SQL Server 2008's FILESTREAM storage offers exciting new performance improvements for storing BLOB data as full-blown files managed by the OS. But as great as the FILESTREAM storage feature is, it’s not exactly trivial to use and requires some legwork to set up correctly. Let’s look at what you need to do to set up, configure, and code to take advantage of FILESTREAM storage.
Why Use FILESTREAM Storage?
Conventional wisdom has long maintained that storing and retrieving files and images within a relational database incurs significant performance penalties. That logic seems sensible, but I had always wondered whether it was based on empirical evidence or mere superstition.
In 2006, Microsoft Research published an excellent white paper that tackled this subject in detail. Its authors conclude that databases could learn a thing or two from file systems, which are much better at managing fragmentation than are relational database engines.
Interestingly enough, they also determined that file systems could learn from database engines by virtue of how they handle smaller bursts of data. (See “To BLOB or not to BLOB: Large Object Storage in a Database or File System.” ) The rough translation: File systems generally work best with blocks of data greater than 1MB in size, while databases work best with blocks of data less than 256K in size. To address this situation, SQL Server 2008 offers highly performant storage and retrieval of smaller bursts of data and adds FILESTREAM storage, letting SQL Server work closely with the file system to achieve the best performance from both worlds.
FILESTREAM Storage Hurdles
Setting up FILESTREAM storage correctly, however, can cause a few headaches.
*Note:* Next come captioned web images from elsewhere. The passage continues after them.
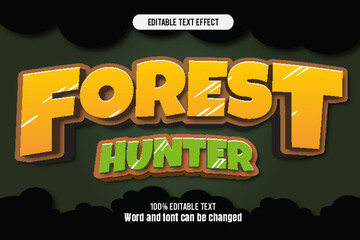 Forest hunter editable text effect 3d emboss cartoon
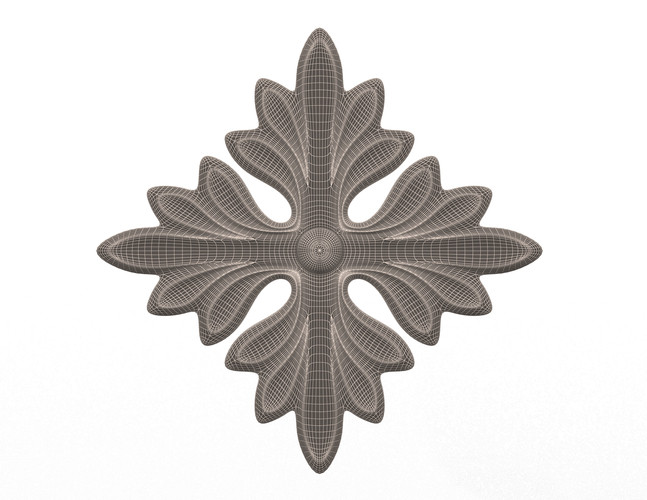 Rosette Carved Decoration CNC 01 3D Print 498427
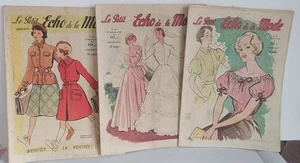3 Le Petit ECHO de la MODE 1950 Weekly French Fashion Magazines  Bundle - Imagen 1 de 10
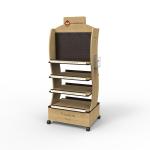 Light Duty Wooden Display Stand Serum Set Display Rack Wood With Casters for sale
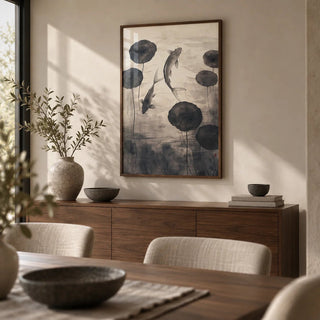 Japanese Ink Art, framed on the wall of a calm dining room
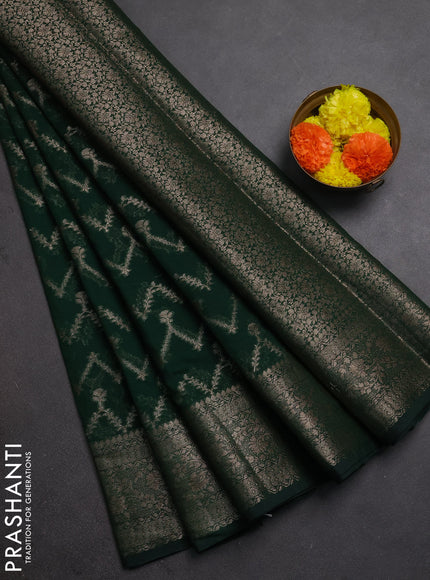 Semi chiniya silk saree dark green with allover thread & zari weaves and woven border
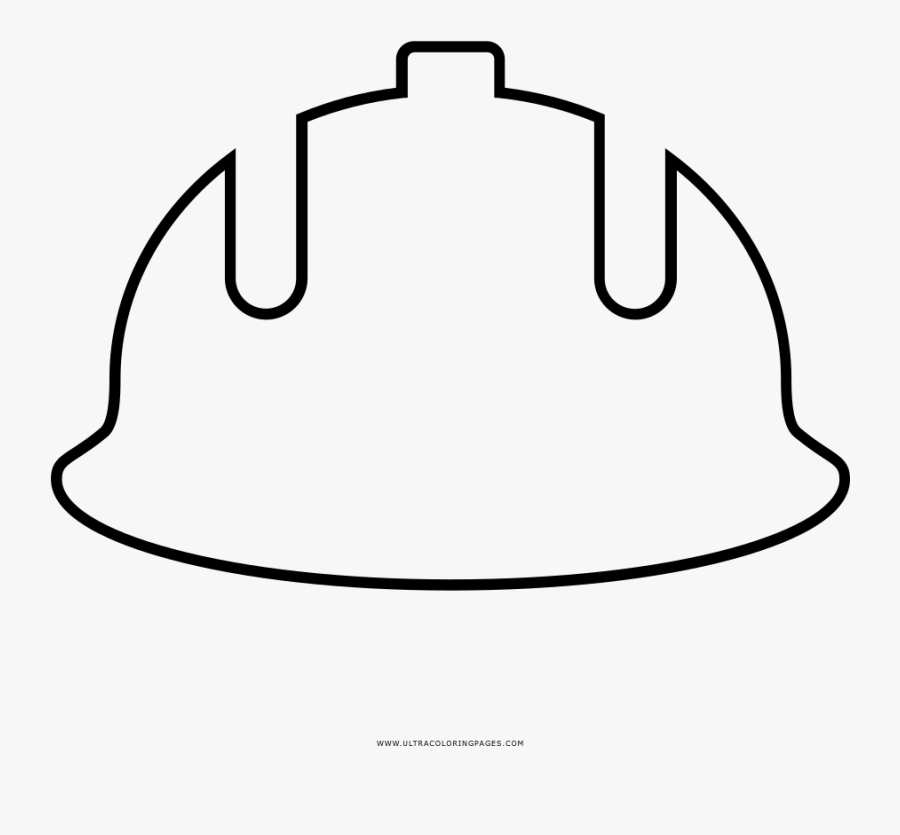 Construction Helmet Coloring Page - Line Art, Transparent Clipart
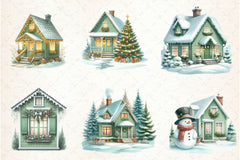 Sage Green Winter Cottage Clipart Bundle - CraftNest - Digital Crafting and Art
For example, security considerations in distributed environments require a bit more planning to make sure that client applications are able to take advantage of streamed files that are proxied through SQL Server. Similarly, because FILESTREAM storage represents a joint interaction between SQL Server and the host OS, setting up FILESTREAM storage on your servers requires admin permissions at the OS level.
Furthermore, if you want to take advantage of Win32 streaming capabilities, you need to use Windows integrated security (as SQL Server logins obviously interact with the underlying file system). These minor limitations, however, help to safeguard your infrastructure and data. A bigger hurdle is that neither SQL Server Management Studio (SSMS) nor SQL Server itself really has any UI, or native way, to let you stream the contents of a file into a table that’s been marked with the FILESTREAM attribute on one of your varbinary(max) columns.
In other words, if you've got a .jpg file that you want to store within SQL Server, there's no native functionality to convert that image's byte stream into something that you could put, for example, into an INSERT statement. Accordingly, you have to use middle-tier and client applications to leverage this new storage functionality. The problem with accessing BLOB data from within client and middle-tier applications is that the transactional choreography and overhead needed to safely and securely stream file contents in and out of the native file system via SQL Server adds a bit more complexity than you'd normally see when working with queries that involve simple data readers.
FILESTREAM Storage Benefits
Those hiccups aside, FILESTREAM storage is worth using in many scenarios. Besides its performance benefits, it also lets you exceed the 2GB limit previously associated with storing BLOBs, so you can store BLOBs as large as the OS, or file system, permits.
FILESTREAM storage also provides transactional safety when storing files and offers increased file manageability—including the obvious benefit of file backup and restore functionality. Other great benefits include the ability to leverage replication, log shipping, and the power of full-text indexing directly against files stored and managed by SQL Server. (However, operations against FILESTREAM file groups aren’t supported by database snapshots or database mirroring; see SQL Server 2008 Books Online "Using FILESTREAM with other SQL Server Features.")
Configuring Your Server for FILESTREAM Storage
Given that the file system directly manages FILESTREAM data, with SQL Server handling file names, paths, and even security (by proxy), the first thing you need to do when using FILESTREAM storage is to grant SQL Server permission to work directly with the host OS’s file system. Because this is an OS-level change, enabling FILESTREAM storage requires administrative rights on the host server.
As you can see from Figure 1, to enable FILESTREAM functionality you open SQL Server Configuration Manager, then access the Properties page for the individual SQL Server instance that you wish to enable. As part of this configuration process, you specify what kinds of access and streaming rights are available to SQL Server and remote clients.
When it comes to enabling FILESTREAM functionality, you have three choices: 0, which disables FILESTREAM support for this instance; 1, which enables FILESTREAM functionality for T-SQL access; and 2, which enables FILESTREAM support for T-SQL and Win32 access.
After you make the change from within SQL Server Configuration Manager, a new share is created on the host system with the name specified. This isn’t a typical share though, and is intended only to allow very low-level streaming interaction between SQL Server and authorized clients. As such, Microsoft recommends that only the service account used by the SQL Server instance have access to this share. Moreover, because this change takes place at the OS, or service, level you can’t enable it from within SQL Server, and you need to restart your SQL Server instance for the change to take effect.